> _Stored dataset items_
:::

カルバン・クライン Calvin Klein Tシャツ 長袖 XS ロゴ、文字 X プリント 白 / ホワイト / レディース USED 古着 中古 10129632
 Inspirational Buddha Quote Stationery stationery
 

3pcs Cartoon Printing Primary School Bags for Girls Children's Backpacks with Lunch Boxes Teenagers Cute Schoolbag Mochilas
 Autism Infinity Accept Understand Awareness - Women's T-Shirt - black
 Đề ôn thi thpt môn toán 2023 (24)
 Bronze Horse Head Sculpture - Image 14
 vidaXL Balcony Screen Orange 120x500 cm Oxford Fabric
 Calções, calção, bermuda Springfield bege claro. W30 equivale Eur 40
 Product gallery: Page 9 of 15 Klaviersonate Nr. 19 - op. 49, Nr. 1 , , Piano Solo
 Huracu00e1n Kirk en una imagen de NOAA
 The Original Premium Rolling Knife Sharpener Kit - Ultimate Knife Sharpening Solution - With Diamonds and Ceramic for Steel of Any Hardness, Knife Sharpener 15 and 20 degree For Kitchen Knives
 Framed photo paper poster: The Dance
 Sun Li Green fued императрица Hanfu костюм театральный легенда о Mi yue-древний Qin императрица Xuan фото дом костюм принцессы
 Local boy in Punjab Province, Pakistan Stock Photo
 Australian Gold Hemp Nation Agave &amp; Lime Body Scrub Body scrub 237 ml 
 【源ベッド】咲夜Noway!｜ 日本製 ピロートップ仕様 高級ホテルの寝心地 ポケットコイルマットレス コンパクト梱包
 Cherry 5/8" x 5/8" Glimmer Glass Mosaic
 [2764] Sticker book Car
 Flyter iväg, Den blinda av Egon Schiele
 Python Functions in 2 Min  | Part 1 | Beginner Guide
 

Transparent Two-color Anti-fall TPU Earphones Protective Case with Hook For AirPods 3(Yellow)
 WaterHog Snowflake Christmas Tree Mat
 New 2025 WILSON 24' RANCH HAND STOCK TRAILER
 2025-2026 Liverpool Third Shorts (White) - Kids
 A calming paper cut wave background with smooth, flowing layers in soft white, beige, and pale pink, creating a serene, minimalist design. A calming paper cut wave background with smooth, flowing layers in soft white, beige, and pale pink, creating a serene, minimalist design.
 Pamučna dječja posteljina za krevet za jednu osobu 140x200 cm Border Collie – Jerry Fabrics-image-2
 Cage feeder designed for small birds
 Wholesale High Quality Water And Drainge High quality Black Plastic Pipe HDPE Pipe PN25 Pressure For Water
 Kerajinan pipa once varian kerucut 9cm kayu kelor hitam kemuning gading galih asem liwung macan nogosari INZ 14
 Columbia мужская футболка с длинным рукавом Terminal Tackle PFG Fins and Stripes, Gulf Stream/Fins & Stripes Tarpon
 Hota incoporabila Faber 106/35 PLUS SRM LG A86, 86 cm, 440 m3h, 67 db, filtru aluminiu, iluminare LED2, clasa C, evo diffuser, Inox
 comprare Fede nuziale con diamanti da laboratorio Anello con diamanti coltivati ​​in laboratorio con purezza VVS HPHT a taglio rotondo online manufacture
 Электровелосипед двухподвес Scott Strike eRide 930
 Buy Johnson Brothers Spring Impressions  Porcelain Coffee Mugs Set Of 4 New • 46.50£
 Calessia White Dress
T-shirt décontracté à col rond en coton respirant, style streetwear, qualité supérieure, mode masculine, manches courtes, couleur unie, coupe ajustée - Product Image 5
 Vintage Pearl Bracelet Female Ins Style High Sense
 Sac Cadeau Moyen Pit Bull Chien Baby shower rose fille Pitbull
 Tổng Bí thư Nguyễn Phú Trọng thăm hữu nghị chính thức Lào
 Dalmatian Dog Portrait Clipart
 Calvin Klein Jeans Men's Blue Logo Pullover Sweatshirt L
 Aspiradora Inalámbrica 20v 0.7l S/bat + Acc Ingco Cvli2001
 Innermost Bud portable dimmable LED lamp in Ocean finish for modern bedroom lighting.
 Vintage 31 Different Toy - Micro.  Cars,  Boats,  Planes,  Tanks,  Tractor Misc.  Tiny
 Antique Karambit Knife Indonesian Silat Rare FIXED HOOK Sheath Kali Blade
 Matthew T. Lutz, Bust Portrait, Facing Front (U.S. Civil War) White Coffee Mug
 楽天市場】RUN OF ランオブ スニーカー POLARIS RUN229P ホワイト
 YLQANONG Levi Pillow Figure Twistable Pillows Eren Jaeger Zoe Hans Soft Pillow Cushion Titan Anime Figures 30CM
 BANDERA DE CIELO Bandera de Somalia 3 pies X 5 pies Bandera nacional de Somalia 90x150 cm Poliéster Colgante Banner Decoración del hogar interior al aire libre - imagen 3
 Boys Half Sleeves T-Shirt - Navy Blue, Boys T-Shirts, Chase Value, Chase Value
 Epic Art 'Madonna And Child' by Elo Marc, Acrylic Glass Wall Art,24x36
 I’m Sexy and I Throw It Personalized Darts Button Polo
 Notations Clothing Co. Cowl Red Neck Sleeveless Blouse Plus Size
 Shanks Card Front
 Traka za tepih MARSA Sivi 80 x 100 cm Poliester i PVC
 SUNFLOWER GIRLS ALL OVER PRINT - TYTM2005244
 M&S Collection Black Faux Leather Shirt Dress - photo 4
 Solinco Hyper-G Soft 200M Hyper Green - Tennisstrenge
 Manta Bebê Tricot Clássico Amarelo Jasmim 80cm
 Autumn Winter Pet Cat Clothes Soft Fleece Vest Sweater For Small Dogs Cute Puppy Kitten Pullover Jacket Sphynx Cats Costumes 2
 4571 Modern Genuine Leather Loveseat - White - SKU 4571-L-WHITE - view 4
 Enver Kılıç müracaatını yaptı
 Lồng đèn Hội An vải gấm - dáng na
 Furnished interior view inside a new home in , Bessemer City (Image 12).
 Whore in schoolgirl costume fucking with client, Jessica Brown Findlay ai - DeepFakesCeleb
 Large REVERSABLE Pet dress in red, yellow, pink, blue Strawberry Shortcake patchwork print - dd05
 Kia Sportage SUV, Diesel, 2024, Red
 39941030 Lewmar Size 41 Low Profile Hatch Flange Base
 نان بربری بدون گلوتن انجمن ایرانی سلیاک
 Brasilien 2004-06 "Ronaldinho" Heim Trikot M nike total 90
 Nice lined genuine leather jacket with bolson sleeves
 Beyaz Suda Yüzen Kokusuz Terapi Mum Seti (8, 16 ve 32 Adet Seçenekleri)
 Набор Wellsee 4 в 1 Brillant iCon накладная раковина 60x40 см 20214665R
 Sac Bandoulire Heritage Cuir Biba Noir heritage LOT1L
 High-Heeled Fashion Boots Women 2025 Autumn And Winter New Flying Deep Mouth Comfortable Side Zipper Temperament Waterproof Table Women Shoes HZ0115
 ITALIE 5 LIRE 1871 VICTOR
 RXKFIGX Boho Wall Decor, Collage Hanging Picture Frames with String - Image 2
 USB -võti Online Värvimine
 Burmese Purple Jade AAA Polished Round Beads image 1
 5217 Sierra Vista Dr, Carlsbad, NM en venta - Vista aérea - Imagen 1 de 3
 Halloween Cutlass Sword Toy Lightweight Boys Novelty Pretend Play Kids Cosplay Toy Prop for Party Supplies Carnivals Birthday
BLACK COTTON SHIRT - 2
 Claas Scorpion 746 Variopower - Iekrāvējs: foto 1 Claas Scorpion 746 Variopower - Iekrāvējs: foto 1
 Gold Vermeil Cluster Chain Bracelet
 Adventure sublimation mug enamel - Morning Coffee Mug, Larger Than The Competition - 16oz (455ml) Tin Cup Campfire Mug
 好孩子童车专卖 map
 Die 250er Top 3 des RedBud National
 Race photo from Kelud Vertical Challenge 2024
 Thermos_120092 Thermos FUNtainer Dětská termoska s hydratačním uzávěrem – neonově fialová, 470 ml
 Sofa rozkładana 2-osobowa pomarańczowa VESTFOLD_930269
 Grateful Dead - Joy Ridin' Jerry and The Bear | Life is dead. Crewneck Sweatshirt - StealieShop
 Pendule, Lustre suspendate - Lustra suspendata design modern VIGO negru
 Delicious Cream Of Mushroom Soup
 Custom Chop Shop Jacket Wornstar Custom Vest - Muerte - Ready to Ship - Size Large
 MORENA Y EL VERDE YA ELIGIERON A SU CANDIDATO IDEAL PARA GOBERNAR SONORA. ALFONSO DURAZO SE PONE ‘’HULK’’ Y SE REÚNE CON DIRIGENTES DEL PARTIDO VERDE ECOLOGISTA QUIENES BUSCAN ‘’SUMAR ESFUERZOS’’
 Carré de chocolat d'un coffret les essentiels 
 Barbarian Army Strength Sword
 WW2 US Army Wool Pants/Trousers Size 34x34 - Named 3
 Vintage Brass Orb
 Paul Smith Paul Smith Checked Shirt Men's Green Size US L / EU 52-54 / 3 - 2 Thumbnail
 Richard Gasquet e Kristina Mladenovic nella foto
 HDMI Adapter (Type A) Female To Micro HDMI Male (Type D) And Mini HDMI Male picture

:::

What is needed is a verbatim copy of every line in the records above from the one containing "Australian Gold Hemp" down to the one containing "Aspiradora Inalámbrica 20v", both included, and nothing more.

> _Exercise result_
 Australian Gold Hemp Nation Agave &amp; Lime Body Scrub Body scrub 237 ml 
 【源ベッド】咲夜Noway!｜ 日本製 ピロートップ仕様 高級ホテルの寝心地 ポケットコイルマットレス コンパクト梱包
 Cherry 5/8" x 5/8" Glimmer Glass Mosaic
 [2764] Sticker book Car
 Flyter iväg, Den blinda av Egon Schiele
 Python Functions in 2 Min  | Part 1 | Beginner Guide
 

Transparent Two-color Anti-fall TPU Earphones Protective Case with Hook For AirPods 3(Yellow)
 WaterHog Snowflake Christmas Tree Mat
 New 2025 WILSON 24' RANCH HAND STOCK TRAILER
 2025-2026 Liverpool Third Shorts (White) - Kids
 A calming paper cut wave background with smooth, flowing layers in soft white, beige, and pale pink, creating a serene, minimalist design. A calming paper cut wave background with smooth, flowing layers in soft white, beige, and pale pink, creating a serene, minimalist design.
 Pamučna dječja posteljina za krevet za jednu osobu 140x200 cm Border Collie – Jerry Fabrics-image-2
 Cage feeder designed for small birds
 Wholesale High Quality Water And Drainge High quality Black Plastic Pipe HDPE Pipe PN25 Pressure For Water
 Kerajinan pipa once varian kerucut 9cm kayu kelor hitam kemuning gading galih asem liwung macan nogosari INZ 14
 Columbia мужская футболка с длинным рукавом Terminal Tackle PFG Fins and Stripes, Gulf Stream/Fins & Stripes Tarpon
 Hota incoporabila Faber 106/35 PLUS SRM LG A86, 86 cm, 440 m3h, 67 db, filtru aluminiu, iluminare LED2, clasa C, evo diffuser, Inox
 comprare Fede nuziale con diamanti da laboratorio Anello con diamanti coltivati ​​in laboratorio con purezza VVS HPHT a taglio rotondo online manufacture
 Электровелосипед двухподвес Scott Strike eRide 930
 Buy Johnson Brothers Spring Impressions  Porcelain Coffee Mugs Set Of 4 New • 46.50£
 Calessia White Dress
T-shirt décontracté à col rond en coton respirant, style streetwear, qualité supérieure, mode masculine, manches courtes, couleur unie, coupe ajustée - Product Image 5
 Vintage Pearl Bracelet Female Ins Style High Sense
 Sac Cadeau Moyen Pit Bull Chien Baby shower rose fille Pitbull
 Tổng Bí thư Nguyễn Phú Trọng thăm hữu nghị chính thức Lào
 Dalmatian Dog Portrait Clipart
 Calvin Klein Jeans Men's Blue Logo Pullover Sweatshirt L
 Aspiradora Inalámbrica 20v 0.7l S/bat + Acc Ingco Cvli2001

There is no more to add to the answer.